● **AIM OF THE TASK**: Instruction for the entries that follow: retype exactly the lines from the line with "Figurina mamaruta 6" to the line with "Trampo Summer Camp 2026", both included, and omit all others.

· · · · · · ·

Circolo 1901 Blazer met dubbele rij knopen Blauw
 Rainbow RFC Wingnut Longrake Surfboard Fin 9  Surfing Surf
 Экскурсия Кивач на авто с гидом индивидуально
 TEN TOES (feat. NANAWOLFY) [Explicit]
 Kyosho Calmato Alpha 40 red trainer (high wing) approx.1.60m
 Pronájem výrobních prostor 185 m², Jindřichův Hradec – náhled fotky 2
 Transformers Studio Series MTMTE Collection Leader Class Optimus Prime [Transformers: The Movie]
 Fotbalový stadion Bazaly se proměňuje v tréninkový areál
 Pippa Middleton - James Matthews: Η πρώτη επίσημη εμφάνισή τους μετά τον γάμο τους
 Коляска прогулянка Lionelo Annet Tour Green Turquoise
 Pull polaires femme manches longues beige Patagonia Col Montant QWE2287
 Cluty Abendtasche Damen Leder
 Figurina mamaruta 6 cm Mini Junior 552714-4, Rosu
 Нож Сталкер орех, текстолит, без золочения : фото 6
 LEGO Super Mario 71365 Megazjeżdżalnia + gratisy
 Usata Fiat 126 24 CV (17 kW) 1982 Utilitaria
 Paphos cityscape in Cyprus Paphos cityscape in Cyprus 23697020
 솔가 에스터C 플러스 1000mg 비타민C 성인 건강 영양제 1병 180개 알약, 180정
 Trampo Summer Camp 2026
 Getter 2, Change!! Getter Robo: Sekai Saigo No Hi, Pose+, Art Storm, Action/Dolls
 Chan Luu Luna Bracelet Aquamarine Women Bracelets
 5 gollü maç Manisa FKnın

· · · · · · ·

● **TASK OUTPUT**:
 Figurina mamaruta 6 cm Mini Junior 552714-4, Rosu
 Нож Сталкер орех, текстолит, без золочения : фото 6
 LEGO Super Mario 71365 Megazjeżdżalnia + gratisy
 Usata Fiat 126 24 CV (17 kW) 1982 Utilitaria
 Paphos cityscape in Cyprus Paphos cityscape in Cyprus 23697020
 솔가 에스터C 플러스 1000mg 비타민C 성인 건강 영양제 1병 180개 알약, 180정
 Trampo Summer Camp 2026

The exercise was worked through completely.